The latest high-profile startup to close up shop is Zume, a Bay Area pizza-making startup that at one point was valued at more than $2 billion. Backed by $445 million in VC funding from a lineup of investors that included Softbank Group Corp., the startup announced earlier this month it was shutting down and liquidating assets.

While Zume is one of the more visible recent startup flameouts, it's not alone. Cana, a Bay Area beverage startup that made a machine that could serve thousands of beverages on demand, shut down in May after failing to find new funding. Cana raised $30 million in early 2022 and brought on actor Patrick Stewart as a brand ambassador.

Pittsburgh autonomous-driving startup Argo AI shut down in late 2022 after raising more than $1 billion from Ford Motor Co. in 2017. Nirvana Money, a fintech startup launched by former PayPal Inc. CEO Bill Harris, also shut down in late 2022, folding just weeks after a late-October launch. Austin, Texas-based Scribe Media, a book-publishing startup founded by controversial author Tucker Max, had grown to 100 employees before shutting down in May.

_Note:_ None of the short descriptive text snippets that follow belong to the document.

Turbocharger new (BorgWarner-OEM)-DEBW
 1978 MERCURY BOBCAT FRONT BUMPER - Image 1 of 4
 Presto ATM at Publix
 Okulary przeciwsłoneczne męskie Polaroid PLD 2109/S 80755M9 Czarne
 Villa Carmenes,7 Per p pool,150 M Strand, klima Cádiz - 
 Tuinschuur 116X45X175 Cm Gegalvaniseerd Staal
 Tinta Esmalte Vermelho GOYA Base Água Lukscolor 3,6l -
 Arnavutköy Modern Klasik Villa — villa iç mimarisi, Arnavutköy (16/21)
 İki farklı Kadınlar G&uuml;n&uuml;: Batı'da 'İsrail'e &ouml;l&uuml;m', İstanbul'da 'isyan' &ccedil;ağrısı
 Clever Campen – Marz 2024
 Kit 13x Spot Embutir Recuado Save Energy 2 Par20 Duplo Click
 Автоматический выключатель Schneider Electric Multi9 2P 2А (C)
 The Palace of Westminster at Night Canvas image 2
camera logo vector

In 2019, Max predicted the company would one day be valued at more than $1 billion.

Heath-care startups like FemTec Health, Sickweather Inc. and Medly, all backed by VC funding, have shut down in 2023. At least 10 biotech startups have shut down in Boston this year.

The startup market has been overdue for a correction, said David Schonthal, an investor at 7wireVentures LLC and professor at Northwestern University's Kellogg School of Management. 

“There’s no way that as many businesses, startups that exist right now deserve to exist in the long run,” Schonthal said. “This correction, or whatever you want to call this moment in time, will serve as an arbiter of what is a good business and what is not a good business. … In general, it will clear out some of the noise that has been in the market the last couple years.

“This will cost people jobs," Schonthal added. "There will be some pretty unfortunate human fallout from this. But there's no way that the market can continue to support as many startups that exist. Money will find the deals that are best to support and, unfortunately, that will leave some behind.” 

For startups that shut down this year, many cite the changing economic environment and lack of funding as the cause of death. Biotech startup Goldfinch Bio, which raised $100 million in 2020, had "funding challenges" before closing its doors in January. Biometric authentication startup Tascent, which shut down in March after raising $40 million, had trouble scaling its manufacturing processes. Investment app Clim8, backed with $20 million in funding, closed in March and cited "dramatic changes" to the funding environment, along with rising inflation. 

But not all of the startup world is struggling in 2023. Artificial intelligence is thriving, and AI startups make up half of all the new North American unicorns in 2023.

These startups are hauling in massive funding rounds, with some having hardly any revenue — and, in some cases, barely a product. Mistral AI, a Paris startup that's only four weeks old, raised a $113 million seed round for its generative AI tech that aims to take on OpenAI.